但是,学术界对古典戏曲理论的整理研究,至今仅停留在对戏曲史料的搜集、校注出版上,如中国戏剧研究所编《中国古典戏曲论著集成》、蔡毅编《中国古典戏曲序跋汇编》、隗芾与吴毓华编《古典戏曲美学资料集》、秦学人编《中国古典编剧理论资料汇辑》、傅惜华编《古典戏曲声乐论著丛编》、俞为民编《历代曲话汇编》等。这些巨著的刊行为研究古典戏曲提供了详实资料、便捷之门。但是,它们或是戏曲史料的大汇编,或是戏曲某方面史料的选编,且相关的戏曲的理论仍淹没在史料之中,仍缺少体系化的戏曲理论资料。鉴于此,我们从史的角度人手,选编一部资料较全、重点突出、纲目清晰、理论价值较高,具有比较完整的体系而又查阅和使用方便的古典戏曲理论工具书,这就是我们长期以来想要完成的《中国古典戏曲理论分类萃编》。

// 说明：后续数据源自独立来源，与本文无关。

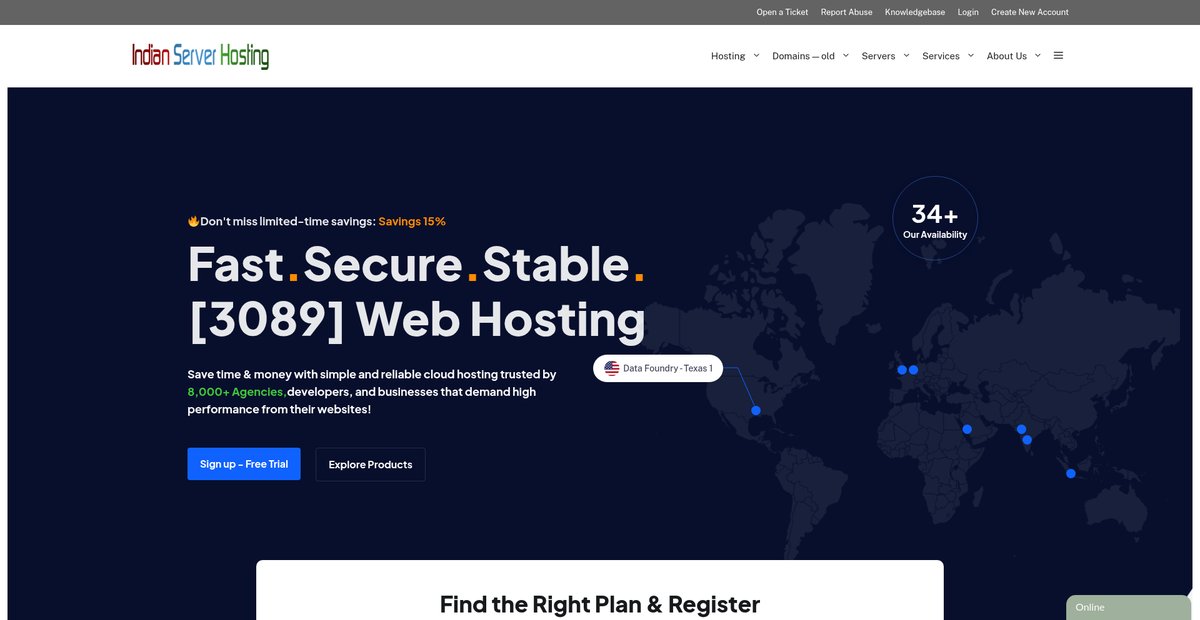 Home - Indian Server Hosting - #1 India's Cheap Web Hosting Screenshot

上世纪八十年代初期,本人曾在西北师大中文系执教,讲授古代文学(以元明清小说戏剧为主)。在教学中时而涉及到古代戏曲理论,即作资料卡片;后调入兰州城市学院(原兰州师专),仍一如既往,笔录不辍。年久,卡片积累亦夥。本世纪初,学院成立中国古代小说戏剧研究所,并在各方面给予支持和鼓励。本人任所长,主持并申报“古代戏曲理论”课题,获得学校和省上批准而立项。书稿打印后,承蒙知名专家、研究所学术顾问、兰州大学文学院宁希元先生和曾师从吴新雷先生的青年学者、南京大学博士、现任职西北师大文学院的李占鹏教授,在百忙中拨冗审阅,并提出了宝贵意见,我们对书稿作了进一步修订。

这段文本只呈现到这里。